I got this from Chris:
Ben,
What are some examples of transitions you do? The reason why I ask is this:
At my school the principal observes us once each 9 weeks, so four observations a school year and each semester we do a summary appraisal based on the two observations each semester. I met with my principal a few weeks back for my summary appraisal for this year and it went great! My principal absolutely loves what I”m doing and he really likes TPRS based on what he’s seen in my classes. He even said before we started with him summarizing everything that he typed out “with you, this is just a formality. I love what you’re doing”. My 4 page summary appraisal is awesome but I do find myself dwelling on one statement that I’m hoping maybe you can help me with. The statement is “It would greatly benefit student learning by providing students with the opportunity to transition during the lessons, as this would increase student engagement in the lessons.” Although everything is very positive and he says I’m an asset to the school, I do find myself thinking about that statement. I’m not sure what to think of it. Do you have any recommendations for “transitions” during lessons? The last lesson he observed, that he probably pulled a lot from, was a Monday and it was complete PQA during the lesson with a 3 minute break in the middle of class, which I admit probably looked like a randomly thrown in break with no transition. What types of ‘transitions’, if any, do you do? If you don’t, how do you recommend I explain the lack of transitions to my principal?
Chris Roberts
My response: CI can be so uniquely powerful that transitions don’t often occur, are not necessary and it would even be stupid to break the flow up. However, those classes don’t occur all the time. I have a basic plan for transitioning throughout my classes: I start with SSR, then we start some CI (PQA, stories, whatever, as long as it is comprehensible input), then we do dictee if time allows, then we quiz, then we do our self-reflection/metacognition discussion. How to transition between these things? Just do it.
I don’t see that this guy really gets CI, as shown in what he wrote to you. That’s educationese. He means that he read somewhere that a good class has a different “activity” every 20 minutes to keep the kids “engaged”, but he doesn’t know that we can keep kids engaged with a good story for hours and that breaking up the CI is not so wonderful in language classes properly done.

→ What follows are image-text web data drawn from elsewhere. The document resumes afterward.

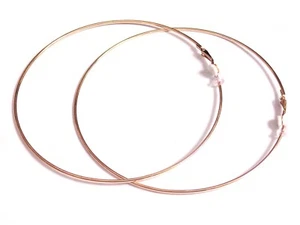PENDIENTES GRANDES DE ARO DE 4 PULGADAS 100 MM DELGADOS ORO ROSA SIN PERFORAR  - Imagen 1 de 3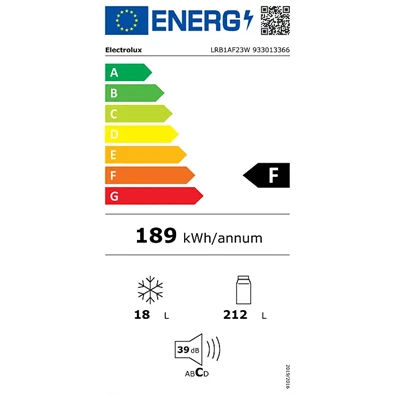 Electrolux LRB1AF23W egyajtós hűtőszekrény Electrolux LRB1AF23W egyajtós hűtőszekrény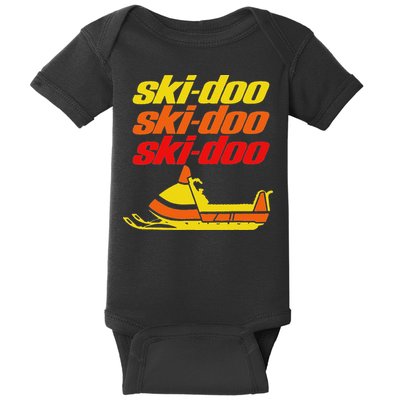 Retro Sport Quote Ski Doo Vintage Snowmobiles Funny Winter Baby Bodysuit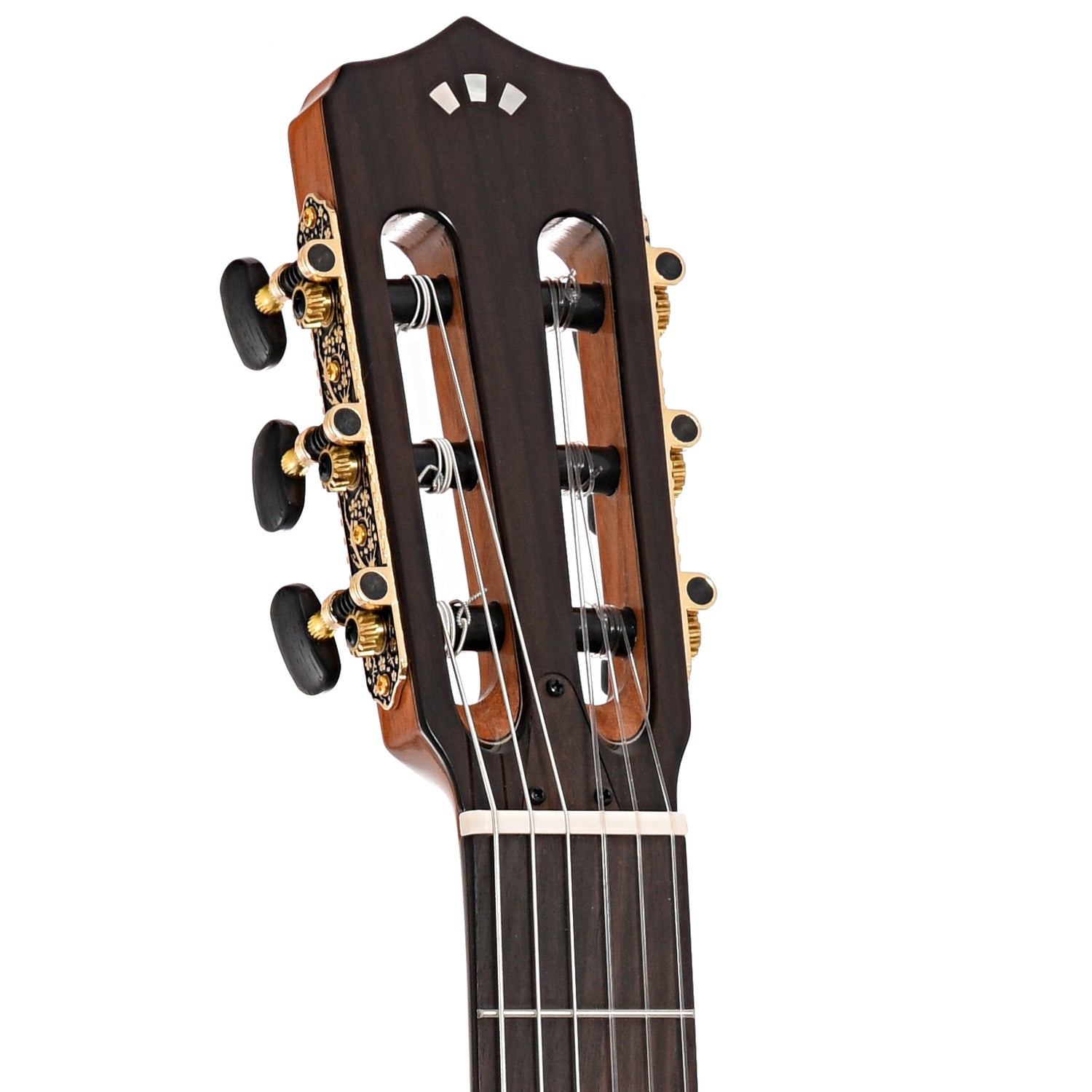 Front headstock of Cordoba Stage, Natural Amber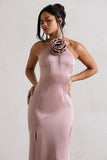 Cesca Blush Pink Satin Halter-Neck Maxi Dress With Flower Corsage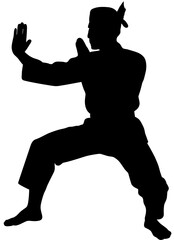 Pencak Silat Fighter Silhouette | Indonesian Martial Art Vector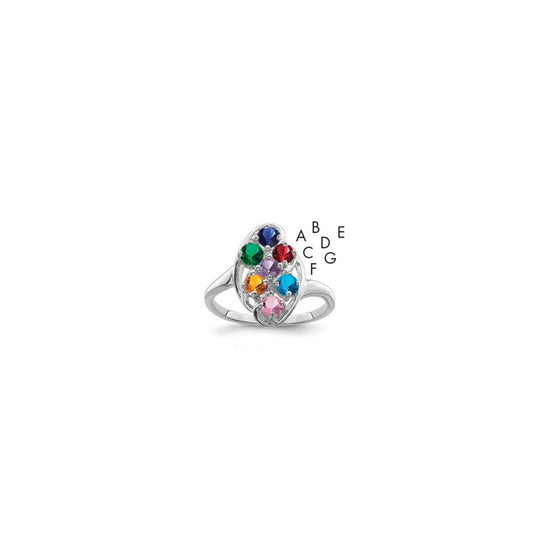 Sterling Silver Rhodium-plated Family Jewelry Mounting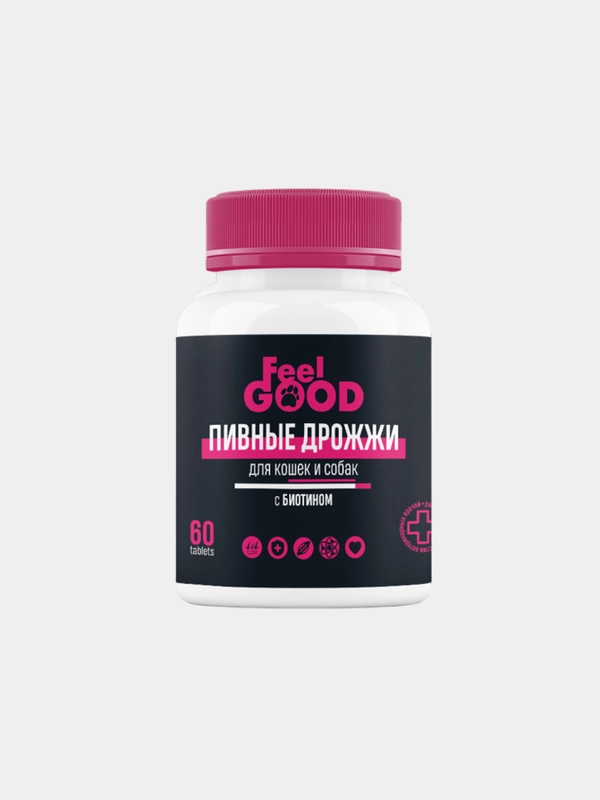 FeelGOOD Пивные дрожжи с биотином и чесноком для кошек и собак  (60 табл.)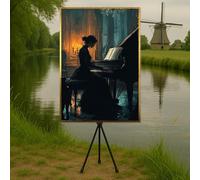 YUSUZHU Lienzo elegante de pianista, pintura de música clásica, silueta de piano de cola, diseño de lienzo para pared, cuadros de pared (50 x 75 cm/marco interior)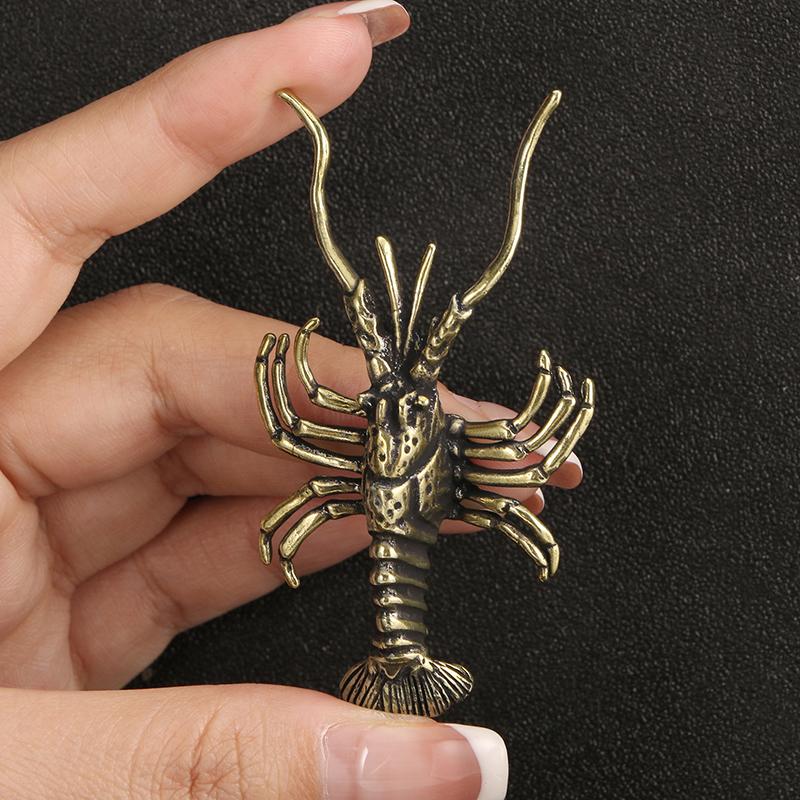 Pure Brass Artificial Lobster Miniature Figurines Vintage Ornament Fish Tank Landscaping Ornaments Office Desktop Decor Ornament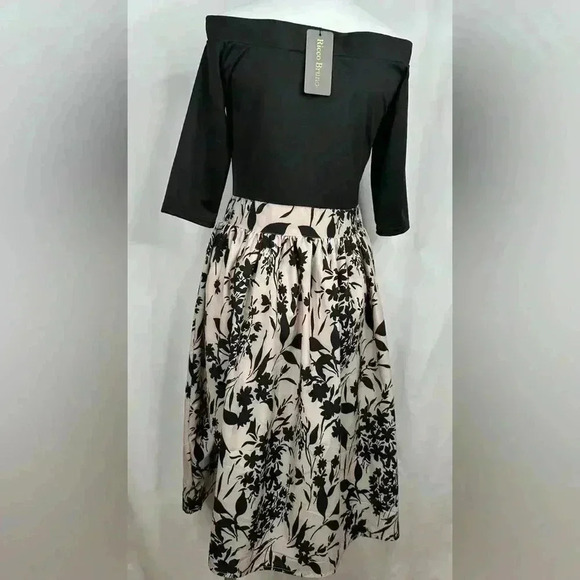 NWT RICCO BRUNO Women’s Midi Dress Black Beige Off Shoulders Size L - Picture 5 of 11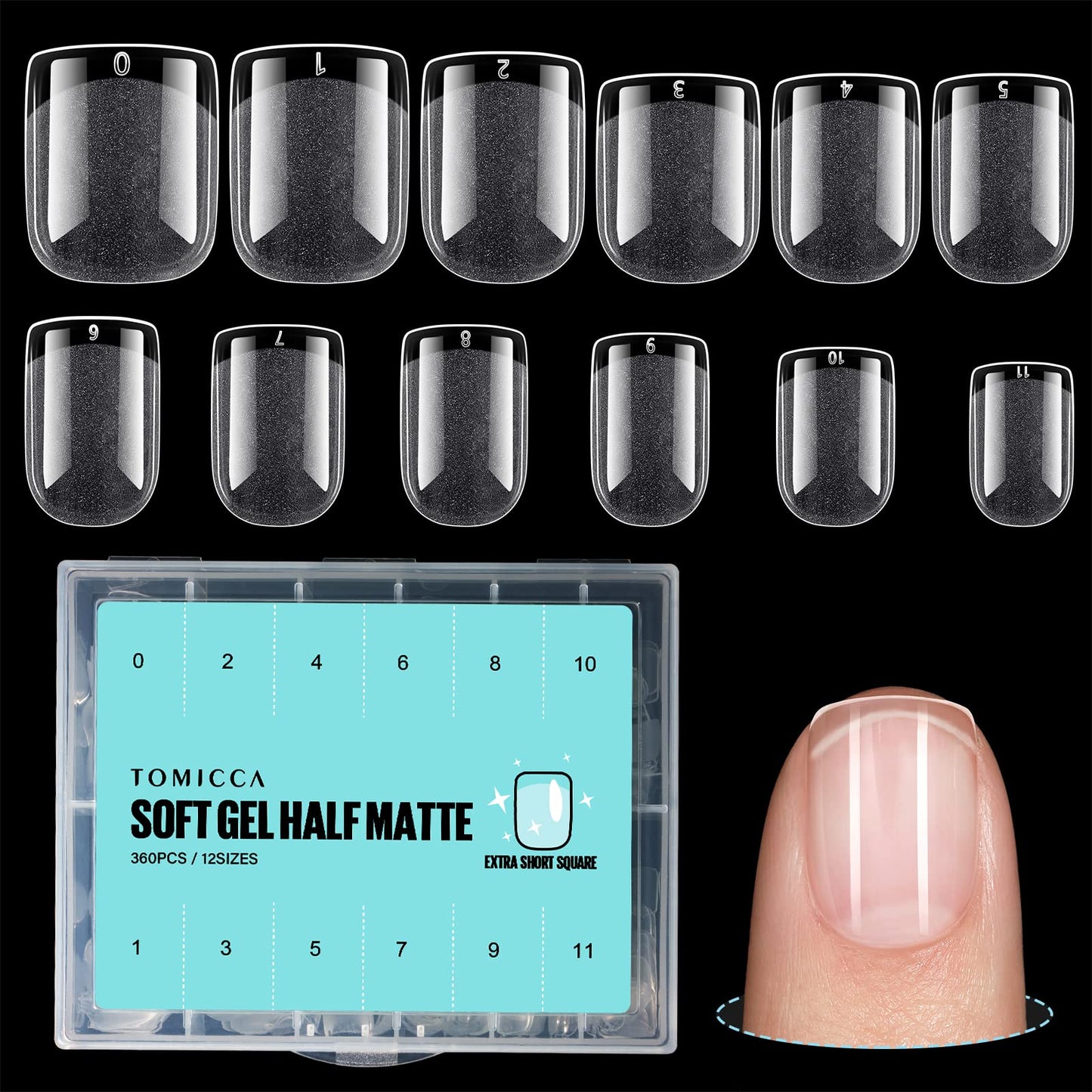 TOMICCA Square Shaped Extra Short Nail Tips - 360PCS Half Matte Soft Gel, No File Needed- Full Cover False Nails, Clear Acrylic & Strong Tips for Press On Extension - 12 Sizes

So he suggested to you what he does to many other teachers, I am sure, which is give them advice on some room for improvement bc maybe he was told in some principal’s workshop that he had to suggest something for you to improve on when they observe. I certainly wouldn’t take it too seriously.
Now, if he observes you again, you may choose to move through the sequence of things I mentioned above that I do when I’m not rolling with some unstoppable CI. You may want to do that simply bc you know the observor has been trained to look for it and then he would see the different activities and conclude that you are a serious teacher.
You could even throw in real physiological brain breaks like the beach ball brain break (everybody has to get one touch before it hits the floor) or do a little yogo or whatever. Then he would be thoroughly impressed.
But this guy is not talking about transitions so much as asking for different activities from you, proving, as I said above, that he doesn’t really get what we do and which is yet another reason I am more and more questioning if we can even do CI in schools.